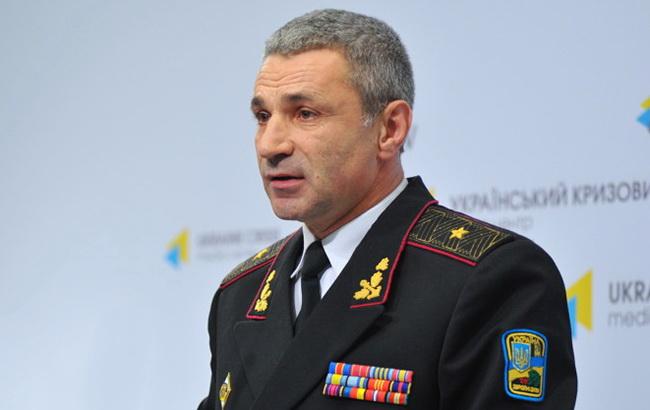 Глава ВМС Украины предложил себя в обмен на захваченных РФ моряков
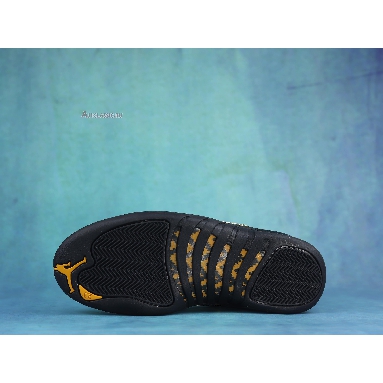 Air Jordan 12 Retro Black Taxi CT8013-071 Black/Taxi/Gold Sneakers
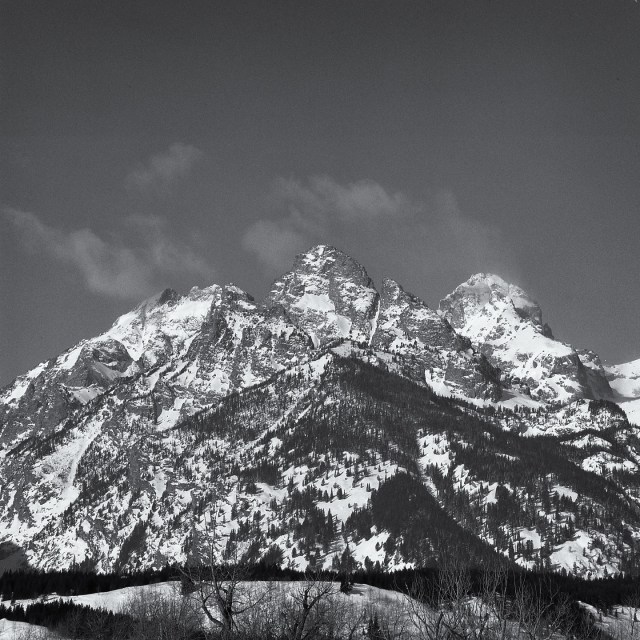 Grand Teton Head On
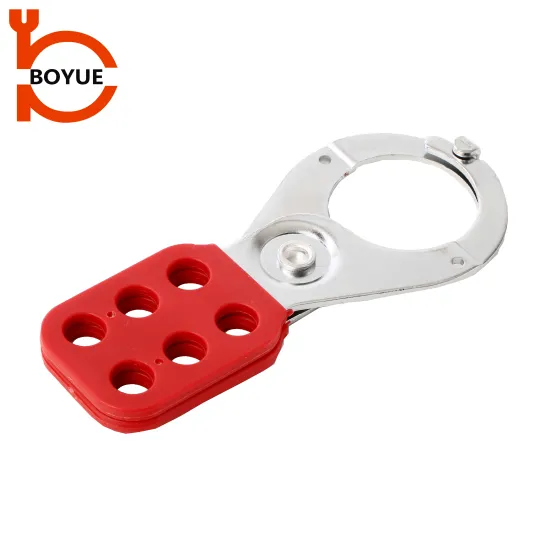 Best Price 1.5\" Stainless Steel Lockout Hasp with Hook: High Security Lock for Safety and Access Control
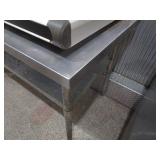 SS Table 48"x30"x34"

**WHAT YOU WILL DO:** Copy the listing exactly but drop its images.

**RESPONSE BOX:**
 Глава ВМС Украины предложил себя в обмен на захваченных РФ моряков
 Air Jordan 12 Retro Black Taxi CT8013-071 Black/Taxi/Gold Sneakers
 Grand Teton Head On
 Best Price 1.5\" Stainless Steel Lockout Hasp with Hook: High Security Lock for Safety and Access Control
 SS Table 48"x30"x34"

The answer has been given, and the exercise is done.